Assef non vedeva l’ora di poter usare contro Amir tutte le cose che
aveva scoperto
Assef non vedeva l’ora di poter usare contro Amir tutte
le cose che aveva scoperto. Baba si era rivelato una miniera di informazioni utilissime e, ad ogni
modo, era convinto di poter trarre ancora qualcosa da Hassan. Gli era parso che
il piccolo hazara non avesse del tutto condiviso la versione che Baba aveva
dato della storia del furto dell’orologio e immaginava
ci potesse essere dell’altro. Sarebbe venuto a saperlo, prima
o poi.
L’informazione
che aspettava gli giunse due sere dopo e, come aveva immaginato, proprio da
Hassan. Il servitore aveva terminato di fare il bucato e stendere i panni ed
era tornato nella stanza di Assef, non immaginandosi di trovarci il padrone.
“Sei qui, aghasahib…
Perdonami, non intendevo disturbarti” mormorò, preso
alla sprovvista. Nonostante i rapporti fossero molto migliorati fra loro, il
ragazzino era ancora piuttosto turbato in presenza del
suo giovane padrone.
“Non mi disturbi affatto. Anzi, volevo giusto farti una
domanda. È vero quello che mi ha raccontato Baba l’altro giorno, quando eravamo
a casa sua? Hai nascosto l’orologio e i soldi di Amir per avere la scusa di
andartene da un luogo che ti era diventato ostile?”
Hassan apparve
terribilmente mortificato. Arrossì violentemente e mille emozioni contrastanti
apparvero sul suo faccino da bambino.
“Non è andata proprio così. Aghasahib,
io non sono un ladro e non prenderei mai qualcosa che non è mio, nemmeno per
nasconderlo” rispose con un filo di voce. “Anche se Amir aghami trattava con cattiveria io non avrei mai fatto nulla contro di lui. Non posso
esserne sicuro, ma… penso che sia stato proprio lui a nascondere le sue cose
sotto il mio materasso. Erano sue, nessun altro avrebbe potuto farlo se non io
ed io non sono stato.”
“Mi stai dicendo la verità?” insisté Assef.

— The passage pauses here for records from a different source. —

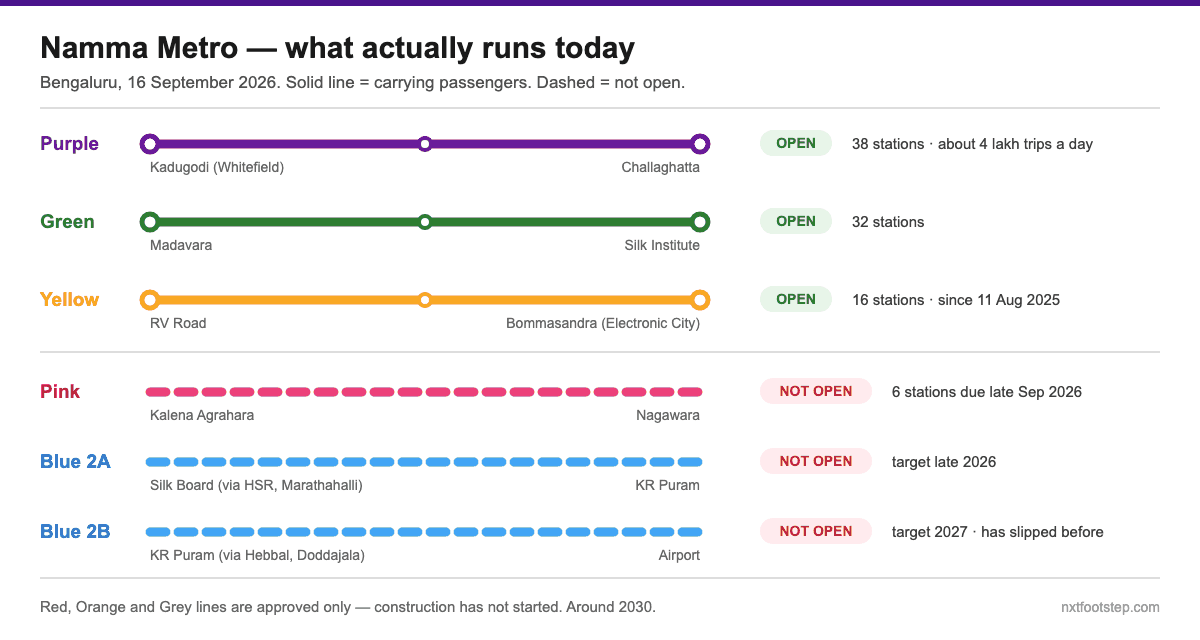 Namma Metro Lines 2026: Which Ones Actually Run Right Now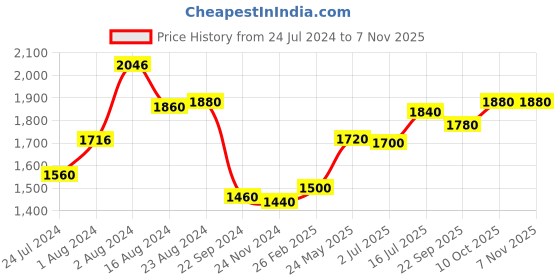 tatacliq.com W White & Blue Printed A-Line dress Kaftan w Price History Graph from 24 Jul 2024 to 6 Nov 2025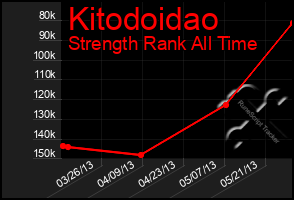 Total Graph of Kitodoidao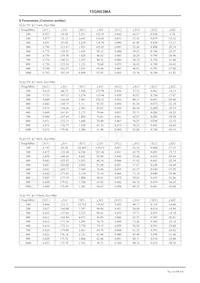 15GN03MA-TL-E Datasheet Page 4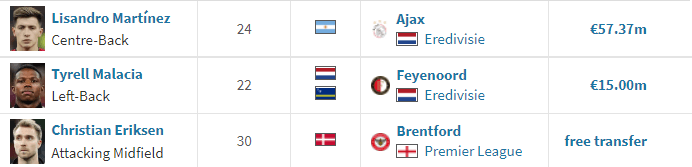 Manchester United transfers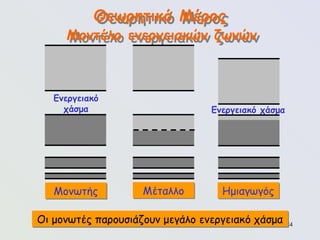 84
Θεωρητικό Μέρος
Μοντέλο ενεργειακών ζωνών
Μονωτής Μέταλλο Ημιαγωγός
Ενεργειακό χάσμα
Οι μονωτές παρουσιάζουν μεγάλο ενεργειακό χάσμα
Ενεργειακό
χάσμα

Non che dubitasse della
parola di Hassan, che era sempre tanto sincero e leale da apparire patetico, ma
voleva essere sicuro di quello che aveva sentito. Gli sembrava troppo bello per essere vero. Amir aveva inanellato una serie di idiozie così lampanti che sarebbe stato un gioco da
ragazzi rivoltargliele tutte contro!
“Aghasahib,
io non ho mai toccato quegli oggetti, davvero. Non prendo la roba deglialtri. Io credo che… sia il
contrario di quello che ha detto Baba agha: è
stato Amir a prendere i suoi soldi e il suo orologio e metterli fra le mie cose
perché voleva che… che io e mio padre fossimo cacciati. Lui sapeva quanto Baba aghadisprezzi chi ruba e gli sarà sembrato
il modo migliore per liberarsi di me. Non mi poteva più sopportare da mesi,
ormai, me lo aveva fatto capire in tutti i modi.”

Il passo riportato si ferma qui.